» Aim of the exercise: Write out only the lines from the line containing "Ubiquiti UniFi Display" to the end of the listing below, both included, exactly as they stand. Drop the pictures.

» Given data:
──────
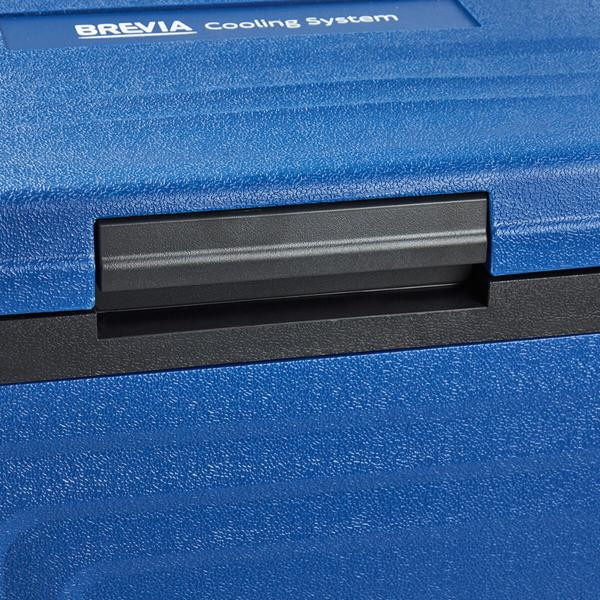 Buy Refrigerator Automobile Brevia 19l 22150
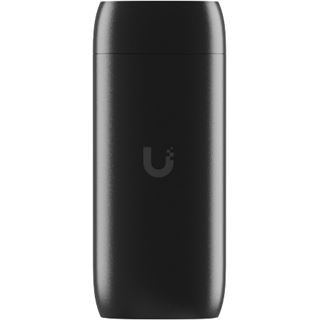 Ubiquiti UniFi Display Cast Pro - Netzwerkmedien-Streaming-Adapter -
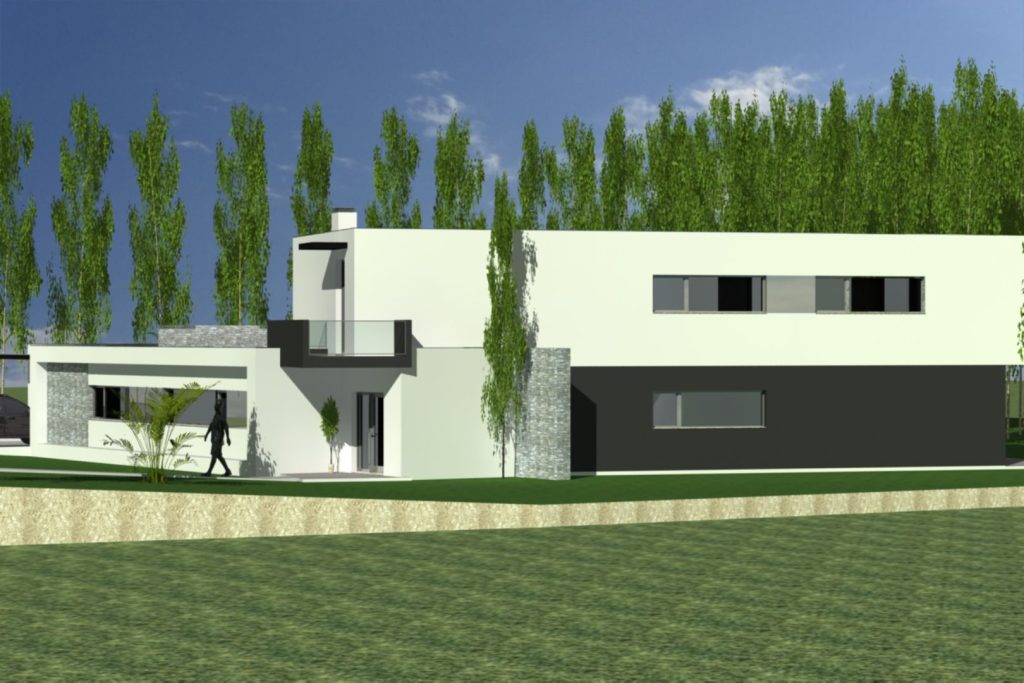 Projeto 79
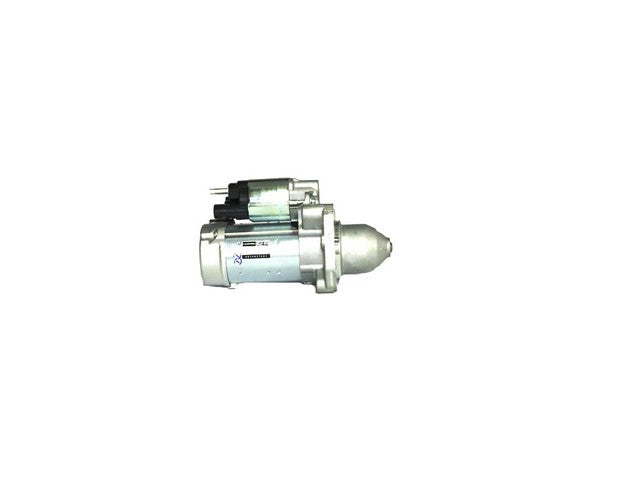 Starter Motor Mopar 68348376AC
──────
» Response box:
 Ubiquiti UniFi Display Cast Pro - Netzwerkmedien-Streaming-Adapter -
 Projeto 79
 Starter Motor Mopar 68348376AC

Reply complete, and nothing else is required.